E lei, invece, cosa dice?

Dico che ci voleva più coraggio, anche se un passo in avanti c’è. Basta con l’ossessione degli obiettivi annuali e basta con l’approccio delle regole uguali per tutti, finalmente andiamo verso la costruzione di piani di rientro su misura per le diverse finanze. Questi gli aspetti positivi, poi c’è il rovescio della medaglia.

Ovvero?

Temo che le attuali regole, seppur più morbide, ingabbino ancora gli investimenti pubblici. Mi riferisco a quella spesa propedeutica alla crescita, che non dovrebbe essere vincolata ai calcoli del deficit. Questa golden rule, andrebbe estesa agli investimenti per la crescita. Ma vado ancora oltre: bisognerebbe dare la veste di investimento non soltanto alle infrastrutture, ma anche alla sanità. Perché investire nella sanità vuol dire investire nel futuro e per questo tale spesa, chiamiamola per il capitale umano, andrebbe coperta dalla golden rule.

La Germania e i Paesi frugali potrebbero avere da ridire…

Possibile. Ma se non si aumenta il livello di protezione degli investimenti pubblici, sganciandoli in toto dal deficit come le dicevo, allora secondo me servirà un nuovo Recovery Plan. Perché se l’Italia non può investire perché qualcuno non è d’accordo, allora sarà l’Europa a doverli finanziare. Delle due l’una.

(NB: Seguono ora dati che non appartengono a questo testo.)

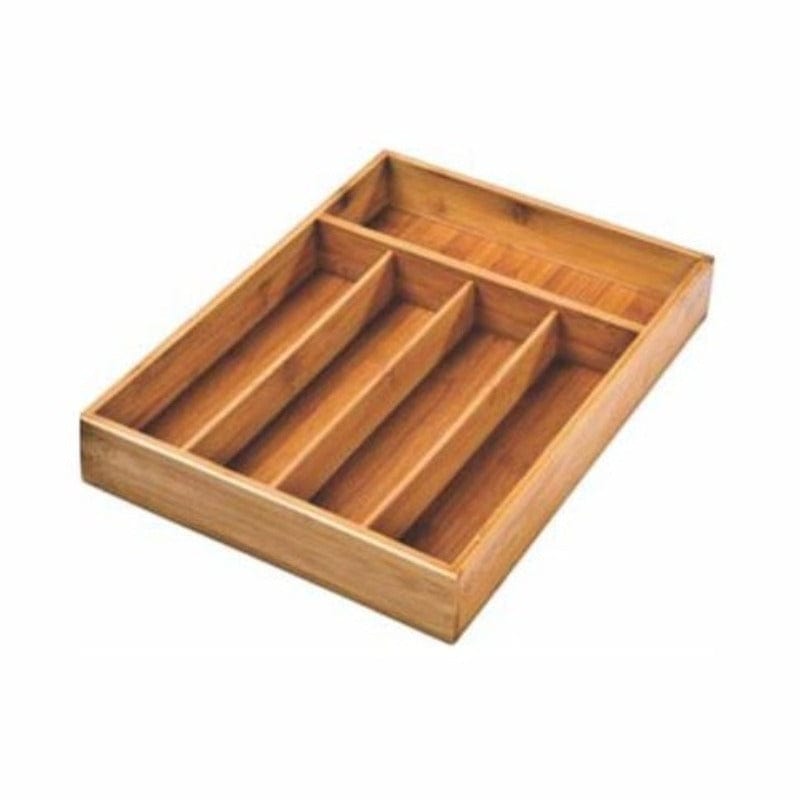 Regent CUTLERY TRAY Regent Bamboo Cutlery Tray, 320x260x50mm (4718672248921)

Ancora una volta sia la Fed, sia la Bce hanno alzato il costo del denaro. Non curandosi, forse, della crescita. Suggerirebbe una pausa di riflessione?

Lei mi farà passare per un radicale. Io fin dal 2021 penso che la politica monetaria non sia uno strumento adatto per far fronte alla fiammata dell’inflazione. Siamo dinnanzi a un fenomeno atipico, che colpisce alcuni settori e figlio di fenomeni eterogenei. Occorrevano politiche industriali e invece si è scelta la strada dei tassi, avvitando i bulloni della politica monetaria, i cui effetti reali li vedremo dopo l’estate. Vede, i tassi possono uccidere l’inflazione, ma alla fine uccidono anche la crescita.